Greek and Roman gods - plus their wives

Prof Timothy Wangusa

What you need to know:

  • But the sexiest of all the Greek gods was Zeus himself.   

That is it – some eminent Greek and Roman gods had wives! Just as some eminent goddesses had husbands. And please – you my dear friend over there – don’t ask me too soon why I am saying the gods/goddesses ‘had’ and not ‘have’ wives/husbands. 

For now, let us just concentrate on the fact or fantasy of immortal beings having or needing sex partners and having to produce offspring.

In Greek and Roman writings of long ago (i.e. of the pre-Christian era known as ‘classical’ times) that have survived up to our very generation, gods and goddesses were interestingly associated with supernatural as well as human-like doings – such as involvement in sex, lust and rape.

As a matter of fact, in some older universities around the world – for instance, Cambridge and Oxford in UK and Ibadan in Africa – these ancient writings, appropriately known as ‘Classics’, importantly feature on the academic programmes of the Faculties of the Arts / the Humanities. 

In those universities, ‘Classics’ are deemed to be as relevant an academic pursuit as any other, not any less significant than the current studies in ‘Oral Literature’ and/or ‘Folklore’ in various African and other universities.

And so here we go: on sex and procreation among the gods and goddesses. (But first, a whispered side observation: gods could even overthrow and depose one another! An example is the Greek god Kronos – the god of Time – who was overthrown by his son Zeus, who thereupon became the new ‘king of gods’, headquartered on Mount Olympus (in present-day Macedonia). Before that, Kronos himself had castrated – imagine that! – and deposed his father, Ounaros/Uranus – the god of the Sky.)

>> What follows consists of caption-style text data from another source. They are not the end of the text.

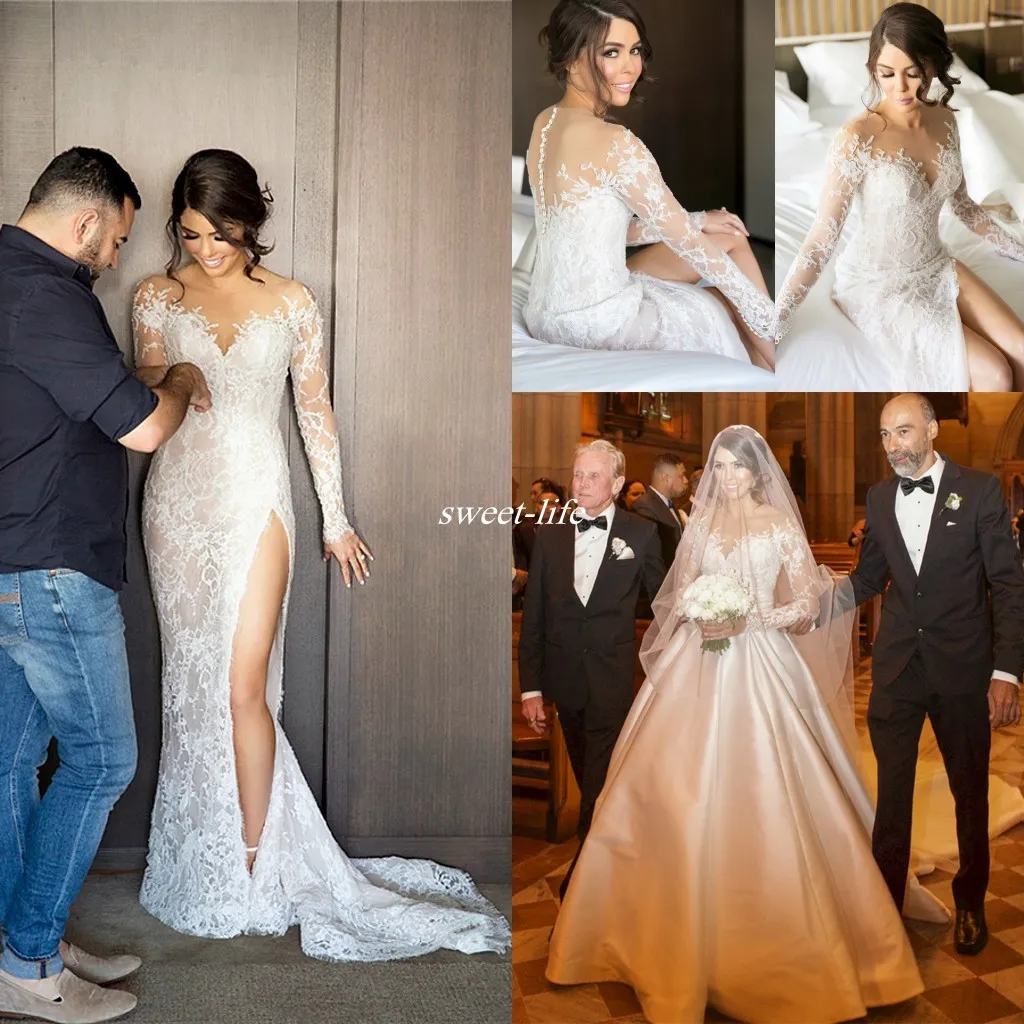 2021 Full Lace Split Mermaid Wedding Dresses with Long Sleeve Illusion Back Arabic Trumpet Bridal Wedding Gowns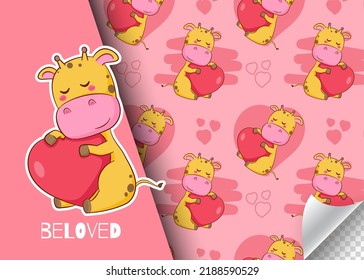 Cute cartoon giraffe character holding love heart. Kids card and seamless background pattern. Hand drawn design vector illustration.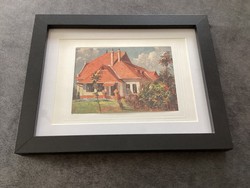 Antik kisméretű nyomat , modern keretben .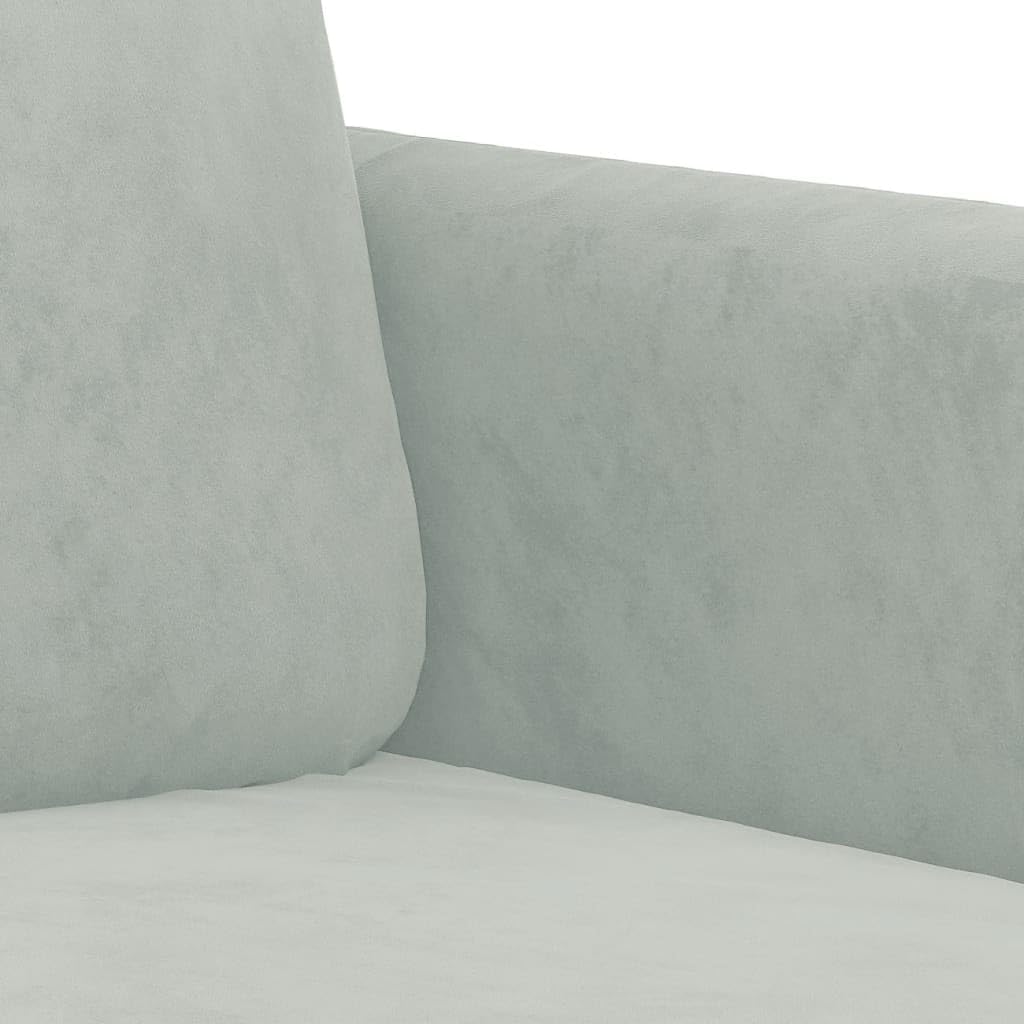 Light Gray Velvet 3-Seater Sofa E8331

But back to the gods and goddesses plus their sexual and procreative carryings-on. And what could be a better opening scenario than that of three goddesses angrily arguing between themselves, each claiming that she is the most beautiful one among the trio? And the trio are none other than: Hera, wife of Zeus ‘the king of gods’; Aphrodite the goddess of love and valour; and Pallas Athena the goddess of wisdom and crafts. 

They agree to pick on a human being to act as judge in their beauty contest. So, they pick on Paris son of Priam the king of Troy, (on the ruins of which former Troy stands present-day Istanbul, capital of Turkey.)

For declaring Aphrodite the most beautiful of the trio, Paris was rewarded by Aphrodite with the most beautiful woman on earth – Helen, wife to one of the kings of the several kings within the Greek empire of that day. 

But the slighted Hera is so angry with Paris for his choice of Aphrodite that she happily gloats over the future destruction of Troy (as already irreversibly decreed by Fate!) – which utter destruction would take place after a 10 years’ protracted war as the Greeks wreak havoc on and annihilate Paris’s city in order to grab back Queen Helen – for the vain purpose of restoring the injured manly pride of her former husband, King Menelaus.

What is of particularly sexual and procreative interest in the above scenario, is that not only did gods and goddesses marry between themselves; but that occasionally a god married or even raped a human woman, and occasionally a goddess married a human man. For example, Dardanus, the son of Zeus and Hera, married a human woman; and one of the descendants of that line, Anchises, married the goddess Aphrodite – between whom the boy Aeneas was born, a cousin to Paris who was ill-fated to die in burning Troy; and it was this very Aeneas who would escape from burning Troy to become the founding father of Rome. 

But the sexiest of all the Greek gods was Zeus himself: in one episode, disguised as a bird, a swan, he raped human Queen Leda, irresistibly beautiful wife of human King Tyndareus of Sparta in Greece.

Prof Timothy Wangusa is a poet and novelist.